Hay quienes insisten en que exigir estándares más altos es ingenuo. Pero no hay nada más ingenuo que pensar que, dejando todo como está, las cosas mejorarán por sí solas.

La falta de pensamiento crítico en nuestras aulas —reducidas muchas veces a centros de formación técnica sin horizonte ético— forma parte del problema. Se puede tener un país con miles de graduados anuales y, al mismo tiempo, un país sin ideas. En nombre de la eficiencia, hemos desplazado el juicio. En nombre del crecimiento, hemos sacrificado la libertad interior. En nombre de la estabilidad institucional, hemos aceptado una legalidad sin justicia.

Voltaire no pedía revoluciones violentas.
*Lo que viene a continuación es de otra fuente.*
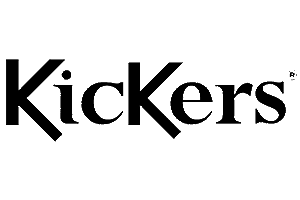 Kickers logo displayed on digital platform for TikTok shopping campaigns.
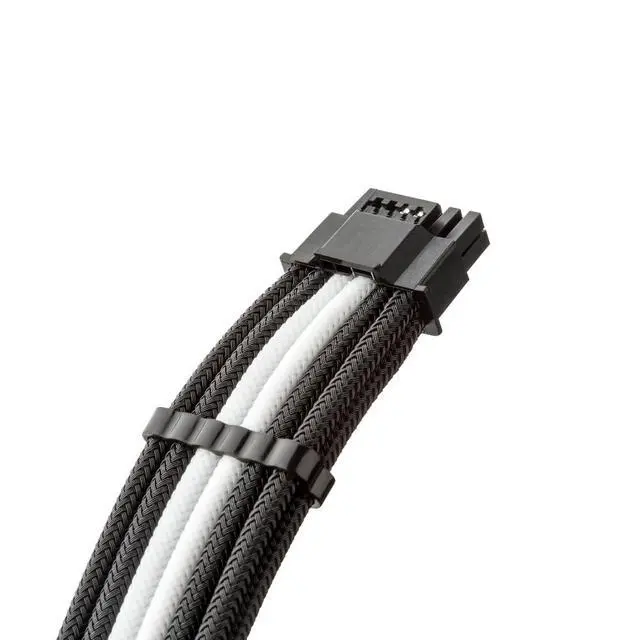Alt view image 2 of 4 - CableMod Universal Pro ModMesh Sleeved 12V-2x6 12VHPWR StealthSense Direct PCIe Cable (Black + White, 16-pin to 16-pin, 60cm)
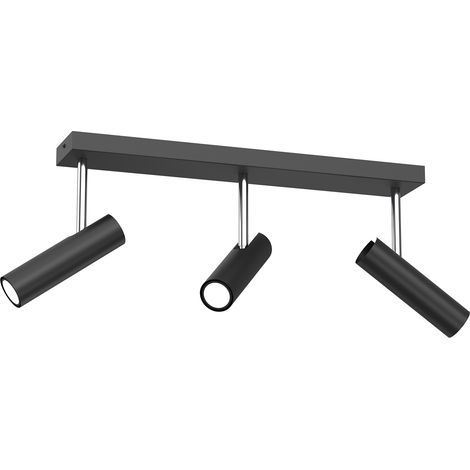 Barre 3 spots orientables noire GU10 8W Axion Luminex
Pedía lucidez. Y para un país como Guatemala, lo urgente no es una utopía nueva, sino un realismo moral que no se conforme con la mediocridad institucional. Hay quienes insisten en que exigir estándares más altos es ingenuo. Pero no hay nada más ingenuo que pensar que, dejando todo como está, las cosas mejorarán por sí solas.
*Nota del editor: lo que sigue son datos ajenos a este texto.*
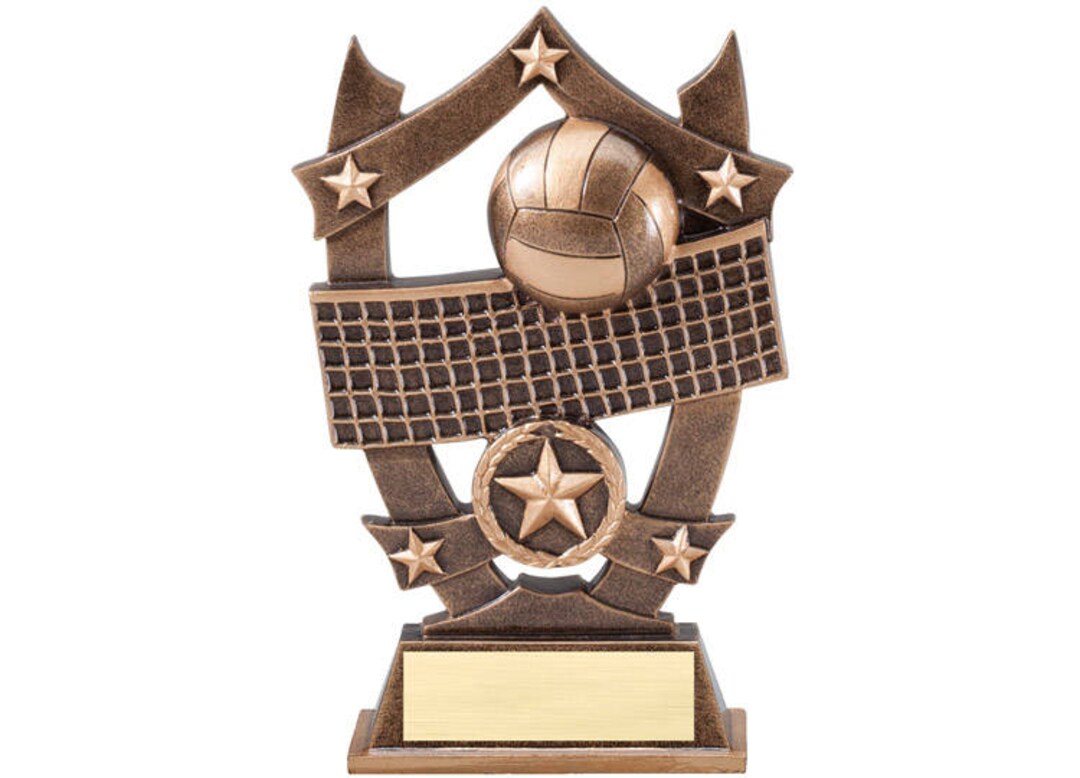 Volleyball 3D Gold Sports Stars Award Engraved Volleyball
Pensar, escribir y disentir no resuelven los problemas por arte de magia. Pero sí incomodan lo suficiente como para mover los bordes del consenso, para ampliar el margen de lo posible. Esa es la verdadera función del pensamiento crítico: no confirmar lo que ya creemos, sino mostrar que lo que hoy nos parece natural es, muchas veces, parte del problema. Y que lo que aceptamos como destino, tal vez, solo sea negligencia disfrazada de prudencia.

Voltaire no tenía Twitter, pero si viviera hoy, probablemente repetiría su pregunta con aún más ironía. Y quizá, al vernos justificar lo injustificable con sonrisas institucionales y datos desconectados de la vida real, escribiría con amargura: “¿Este es el mejor de los mundos posibles? ¿En serio?”.